With more and more people moving to the capital cities and choosing apartment living, strata rules and regulations need to relax or investors will be held back, according to an industry body.
Ken Morrison, chief executive of the Property Council of Australia, said as our cities become denser, strata titles will become more prevalent and the system represents an “important form of ownership” for both residential and commercial property.
Mr Morrison, however, said it currently comes with some severe disadvantages.
“It requires 100 per cent of owners to agree to wind up the scheme at the end of the building’s physical or economic life,” he said.
“Nothing lasts forever. As our cities evolve and grow, strata-titled buildings will need to be refurbished, renewed or demolished. However, getting unanimous approval from even a dozen owners is a big challenge, but a few hundred is well-nigh impossible.”

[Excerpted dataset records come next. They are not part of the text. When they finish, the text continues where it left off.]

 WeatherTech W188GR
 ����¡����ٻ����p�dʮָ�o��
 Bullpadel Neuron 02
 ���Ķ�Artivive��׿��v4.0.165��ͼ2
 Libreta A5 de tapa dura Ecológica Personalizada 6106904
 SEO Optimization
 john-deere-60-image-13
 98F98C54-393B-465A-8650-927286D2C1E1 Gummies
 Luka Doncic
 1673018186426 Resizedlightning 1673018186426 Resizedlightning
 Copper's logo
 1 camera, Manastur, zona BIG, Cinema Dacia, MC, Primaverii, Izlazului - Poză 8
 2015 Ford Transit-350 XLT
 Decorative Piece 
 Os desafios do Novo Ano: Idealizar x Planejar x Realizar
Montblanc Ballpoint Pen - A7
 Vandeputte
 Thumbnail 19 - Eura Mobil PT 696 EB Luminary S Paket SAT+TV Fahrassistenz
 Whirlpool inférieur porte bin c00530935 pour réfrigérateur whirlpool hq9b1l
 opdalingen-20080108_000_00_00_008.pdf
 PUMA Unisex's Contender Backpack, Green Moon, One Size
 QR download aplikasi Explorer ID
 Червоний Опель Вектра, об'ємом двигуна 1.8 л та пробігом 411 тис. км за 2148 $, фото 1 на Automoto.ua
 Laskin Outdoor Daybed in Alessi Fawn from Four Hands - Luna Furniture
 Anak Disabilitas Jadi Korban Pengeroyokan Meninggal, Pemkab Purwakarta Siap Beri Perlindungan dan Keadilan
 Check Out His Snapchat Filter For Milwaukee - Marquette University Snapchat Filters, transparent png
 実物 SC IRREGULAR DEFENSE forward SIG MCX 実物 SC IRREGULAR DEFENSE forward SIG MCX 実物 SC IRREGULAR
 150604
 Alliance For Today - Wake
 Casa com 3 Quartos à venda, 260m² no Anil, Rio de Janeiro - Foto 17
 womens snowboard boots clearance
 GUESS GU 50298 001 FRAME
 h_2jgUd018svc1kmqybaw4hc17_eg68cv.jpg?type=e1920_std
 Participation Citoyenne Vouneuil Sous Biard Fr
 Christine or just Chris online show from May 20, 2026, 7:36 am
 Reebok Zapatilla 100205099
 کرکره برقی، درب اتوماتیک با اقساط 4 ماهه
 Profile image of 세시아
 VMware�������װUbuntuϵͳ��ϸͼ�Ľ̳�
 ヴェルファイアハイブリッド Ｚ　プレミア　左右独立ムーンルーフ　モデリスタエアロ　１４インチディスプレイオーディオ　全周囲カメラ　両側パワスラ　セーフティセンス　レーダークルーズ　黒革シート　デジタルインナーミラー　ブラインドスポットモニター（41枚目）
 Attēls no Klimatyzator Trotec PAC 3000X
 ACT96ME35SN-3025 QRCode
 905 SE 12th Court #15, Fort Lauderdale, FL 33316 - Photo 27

According to Mr Morrison, the current system is “a strata title straightjacket which risks locking up our cities”.
He said the Property Council is renewing calls for a lower threshold and clearer renewal processes to guide owners through a scheme termination – but conceded some states and territories are already making moves in this direction.
“Last week the WA government proposed a majority threshold for schemes of 10 or more lots which are more than 15 years old,” he said. “This month the NT parliament will consider legislation to do the same. Both are positive moves showing policymovers are thinking about the future."
Mr Morrison said these proposals could act as a template for other states, such as NSW, “where reform momentum seems to have stalled”.